After spending thousands to remodel the run-down building, the school also didn’t reach its enrollment goal of 100 students.
“The kids just didn’t come and so that was really the nail on the coffin as far as our renewal this year,” said Montoya.
But Montoya and her staff said they won’t go down without one final fight. They’ve now started a GoFundMe page, asking the community for help.
The GoFundMe page comes a week after Montoya asked the Albuquerque School Board if they would renew the school’s charter, knowing the state most likely wouldn’t.
“Since the Public Education Committee is our authorizers, they’re the ones who legally have the power to close us,” said Montoya.
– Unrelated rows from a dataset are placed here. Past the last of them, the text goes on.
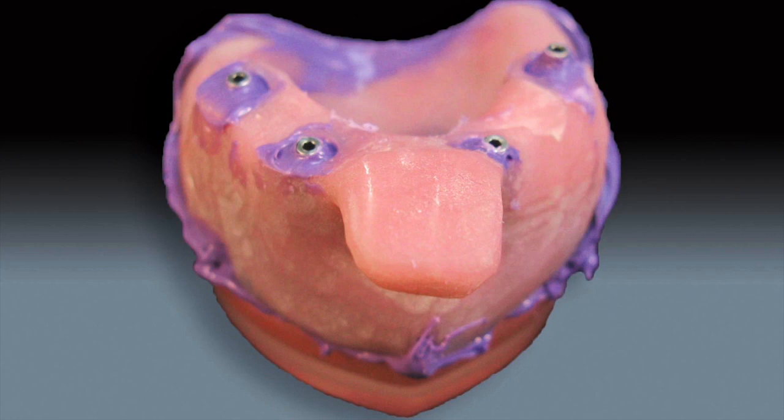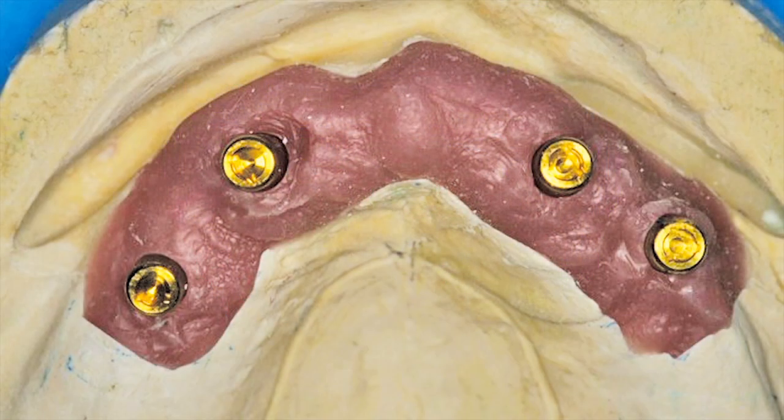Let the impression material cure completely, then loosen the guide pins and lift the impression copings out inside the final impression. Since there's no reseating of the impression copings back into the material, you're pretty much guaranteed a nice accurate result. Then place the healing caps or healing abutments back onto the implants. At the next appointment, once we've poured up the master impression, placed the analogs, and positioned the locators, we'll send you a bite block.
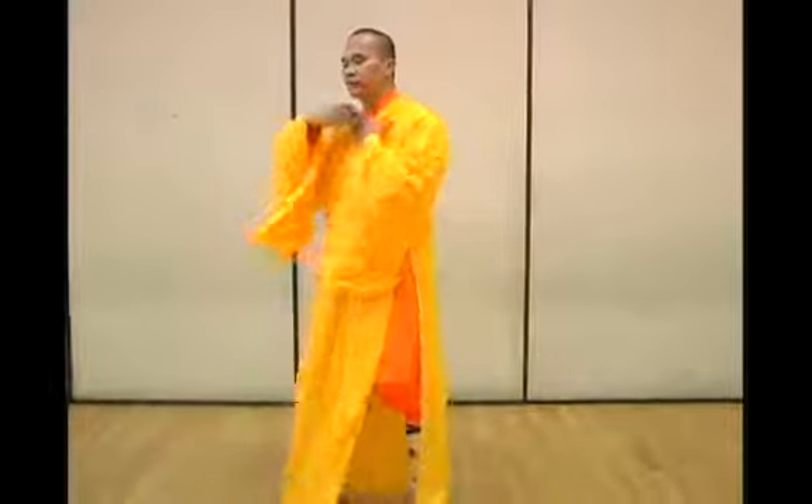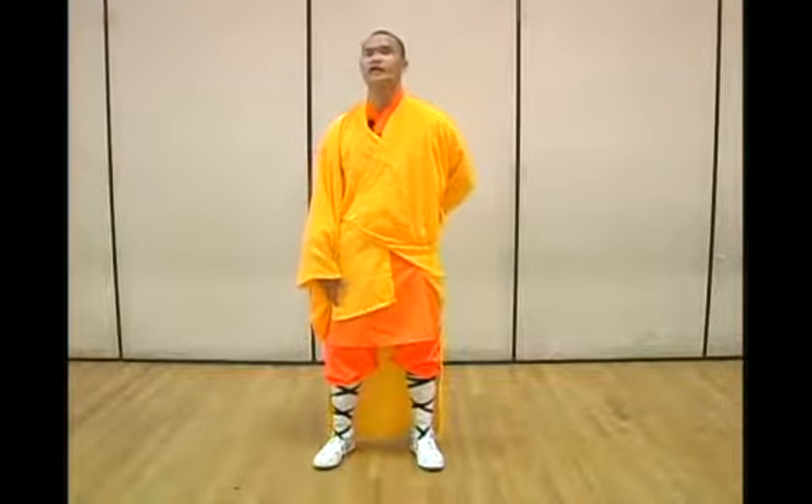I'm going to show you the fifth and the sixth segment of the eight-section broquet. Now I'm going to show you the swing and the tail. The purpose of this exercise is to improve the body's blood circulation. This is how you start the fifth section — it's called swinging its tail.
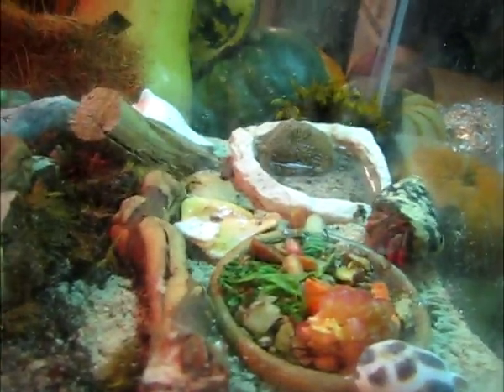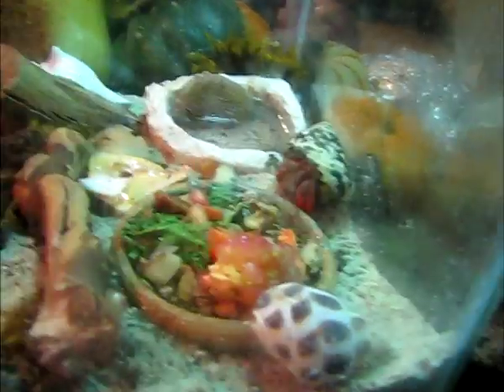Hey YouTube, I wanted to show off my adorable Crabitat that I have recently created. As you can see, it is a 10 gallon tank — a basic crab paradise, in my opinion.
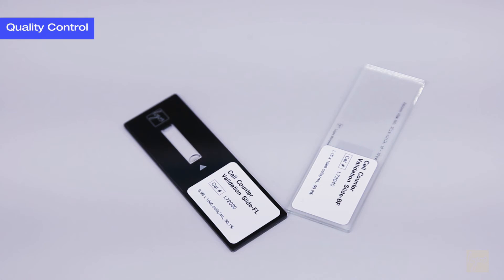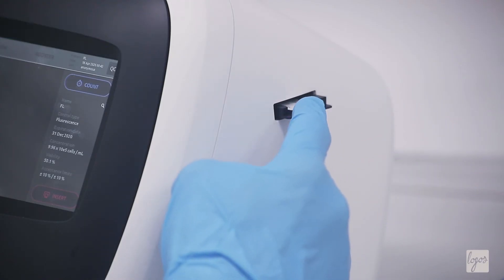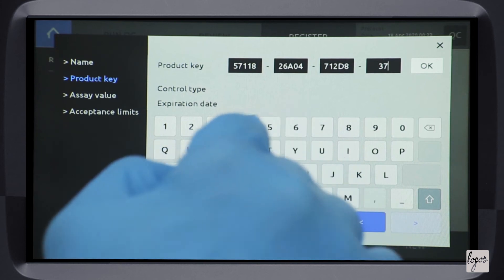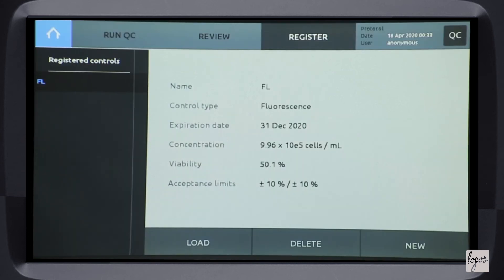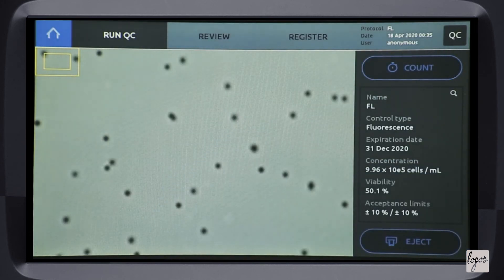Our innovative quality control feature ensures that you can be confident in your data. Cell concentrations and viability may be validated using our pre-spotted fluorescent or brightfield validation slides, while the QC functions allow you to store, monitor, and analyze the QC data over time.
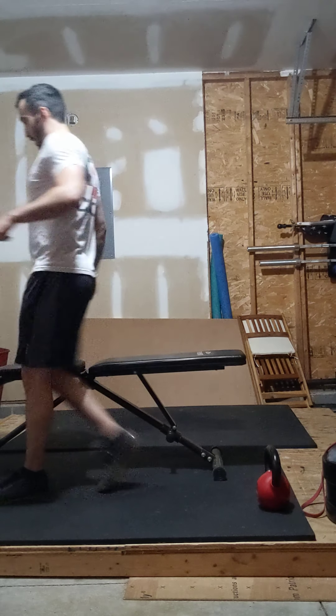Hey guys, Coach Tolba here. Just wanted to make a video for Tuesday's Strength Programming. We're showing off some pause bench work.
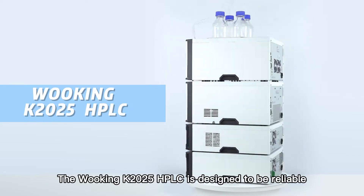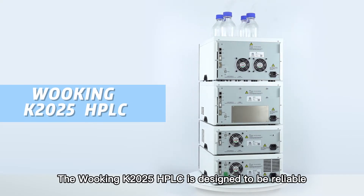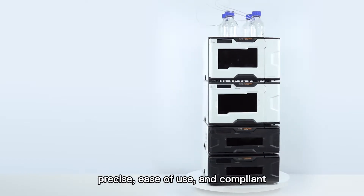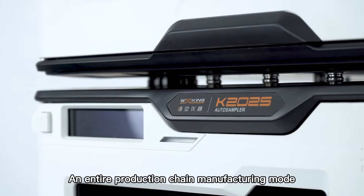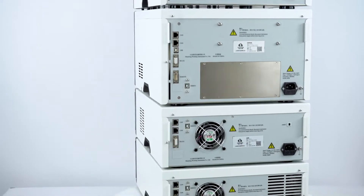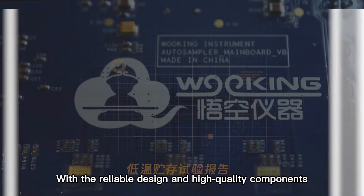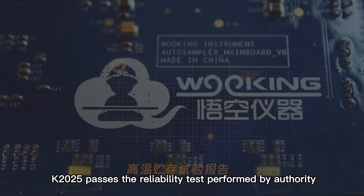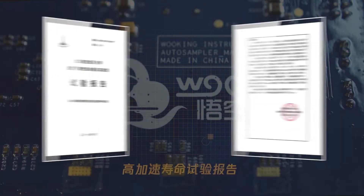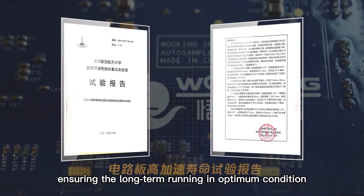The Wuking K2025 HPLC is designed to be reliable, precise, ease-of-use and compliant. An entire production chain manufacturing mode is used to create high-quality scientific instruments. With the reliable design and high-quality components, K2025 passes the reliability test performed by authority, ensuring the long-term running in optimum condition.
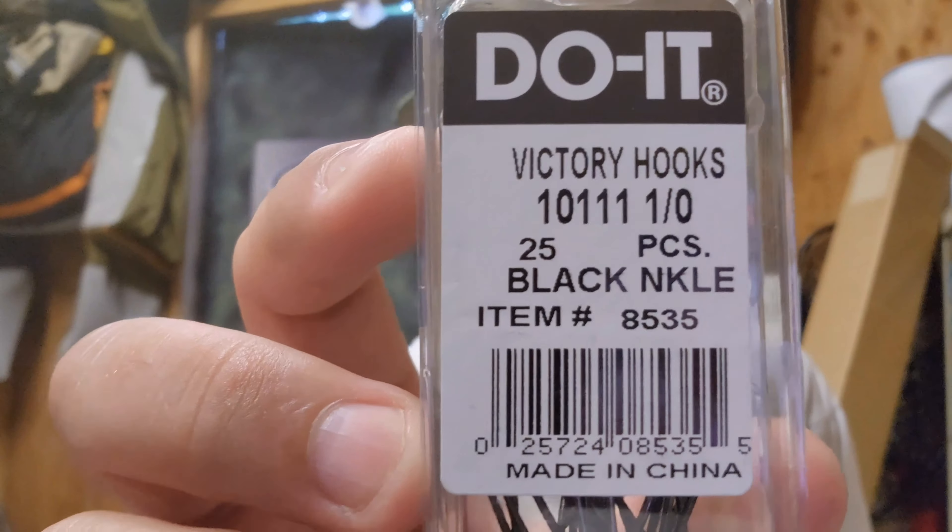We got the 2/0, we got the 3/0, and you got the 4/0. I can't wait to use this man. I love fishing swim baits and this is going to be awesome. On to the next mold!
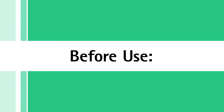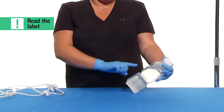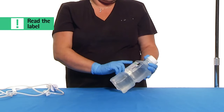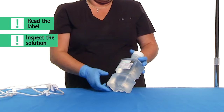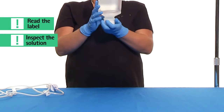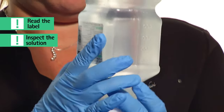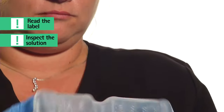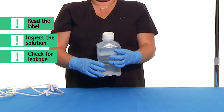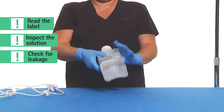Before use, perform the following checks. Read the label and ensure the solution is the one ordered and is within the expiration date. Invert the container and inspect the solution in good light for cloudiness, haze, or particulate matter. Use only if the solution is clear and the container and seal are intact. Check the container for leakage or damage. Any container which is suspect should not be used.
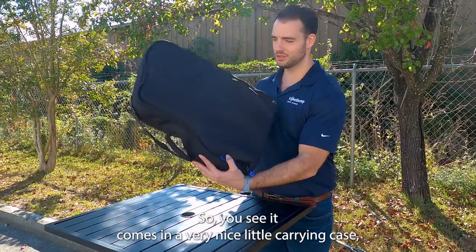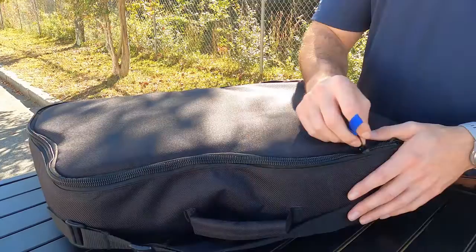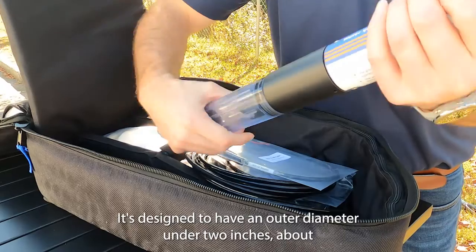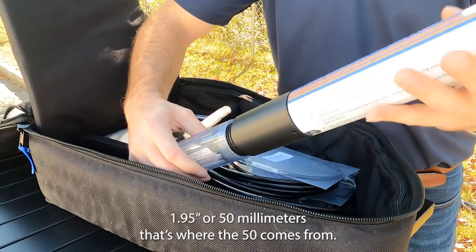It comes in a very nice little carrying case, so let's open it and see what's inside. This is the Scuba 50. It's designed to have an outer diameter under two inches — about 1.95 inches or 50 millimeters. That's where the 50 comes from.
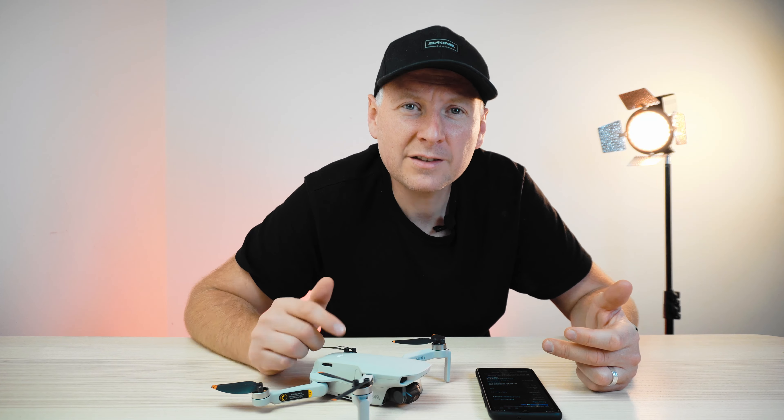My takeaway: DJI official service is not cheap, especially if you don't live in the Netherlands and can't drop off the drone personally. I would probably recommend a DJI Care plan to all of you who fly a lot or who have kids — because if I had bought it from the very beginning, I wouldn't be stuck with this 138.80 euros, which is about $150 to $160. Lesson learned.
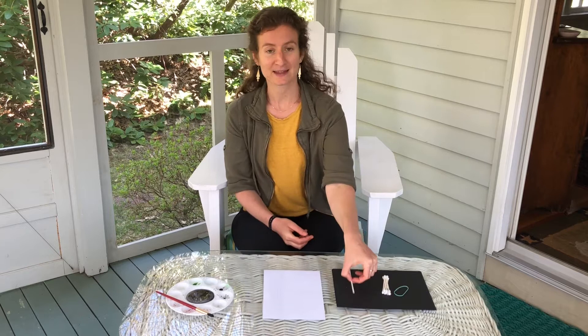Hi friends! I hope you all are doing well. We just have four more weeks together at the Art Barn, so I'm excited to share today's art project with you! We've been having such beautiful weather in the month of May so far. I thought we would do a project inspired by all of the trees that are flowering. For this project, I'd like you to find a few special materials.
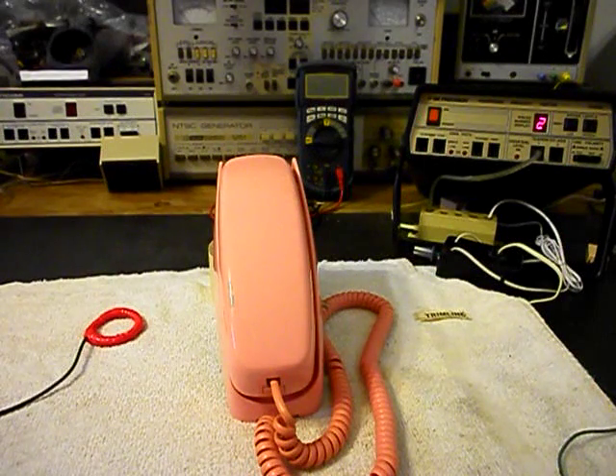Hello, this is Dennis with A1 Telephone Service and Repair, A1 Electronics. You can reach us on the web at www.a1-telephone.com and you can also reach us at 618-235-6959.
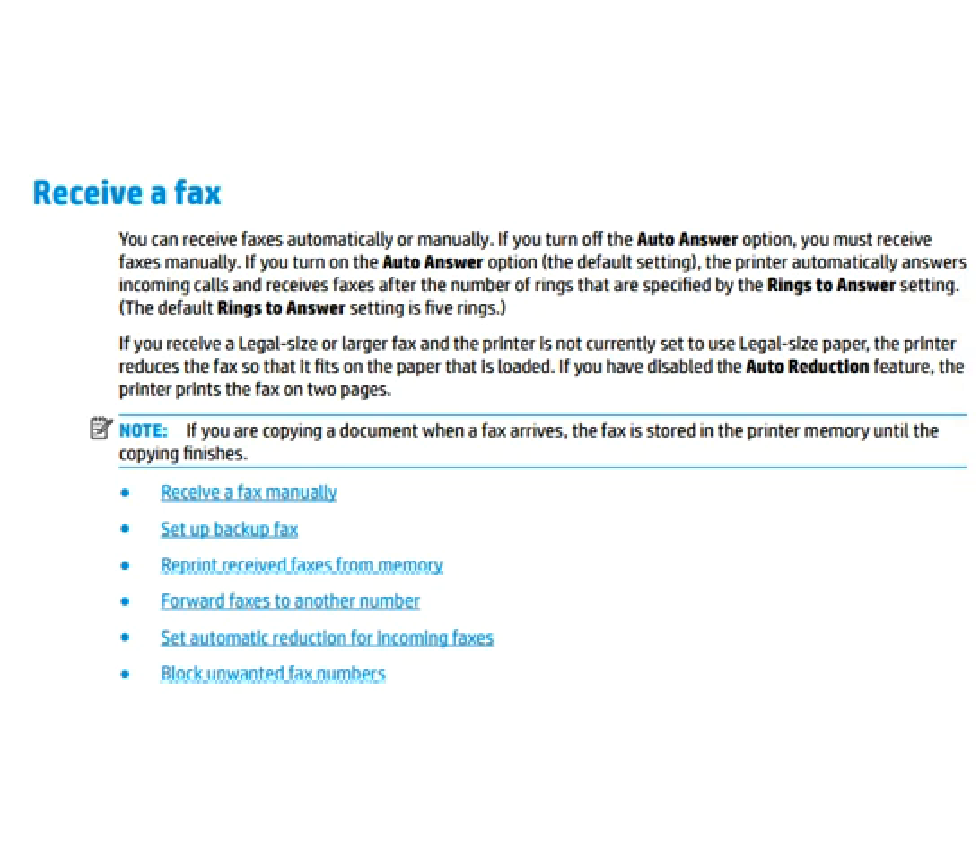The next topic is receiving a fax. You can receive faxes automatically or manually. If you turn off the auto answer option, you must receive faxes manually. Under receive a fax, you can: receive a fax manually, set a backup fax, reprint received faxes from memory, forward faxes to another number, set automatic reduction for incoming faxes, and block unwanted fax numbers. An important note is available on screen for more detail.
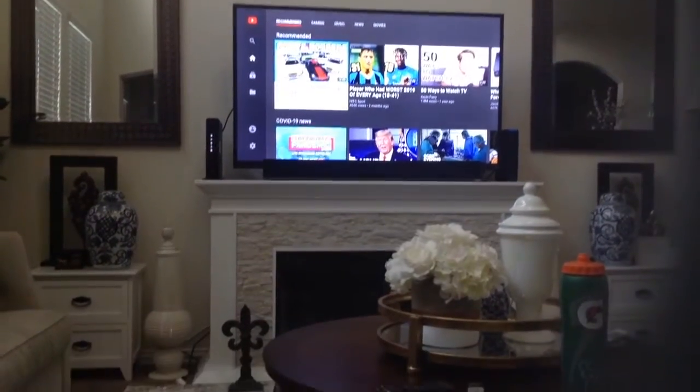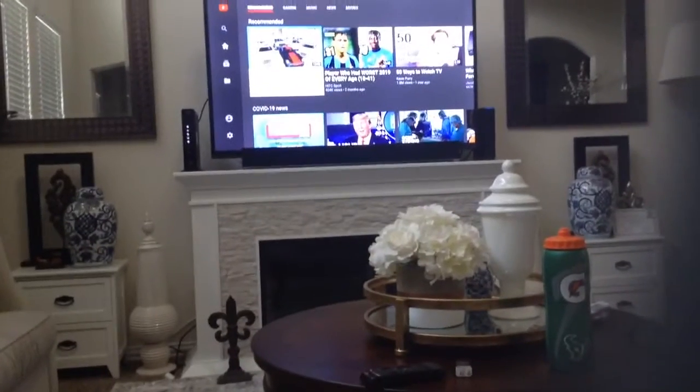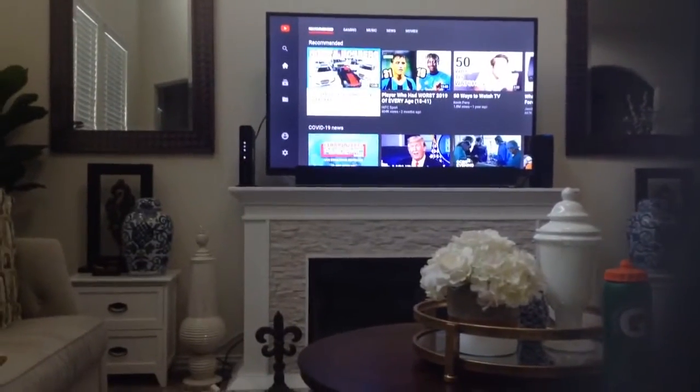Hello, this is Above the Lengths here. Today we are going to cast on TV while watching. Let's get straight to this.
APS said they couldn’t take on that kind of debt.
“It breaks my heart to know these kids have worked so hard, the teachers and staff have worked so hard,” said La Resolana Teacher Joe Dan Lovato.
For Montoya and her staff, they still believe the community will come through.
“This is a one time occurrence and if we can get it resolved, we can stay open,” said Montoya. “If we can’t get it resolved, we would close and that would be a loss for our community.”
La Resolana gets high marks. It’s a “B” middle school.
But the State’s Public Education Department said every school is still expected to operate within budget.
PED said the kids can stay at the school until May.
After that, PED said it will help the students transition into new schools.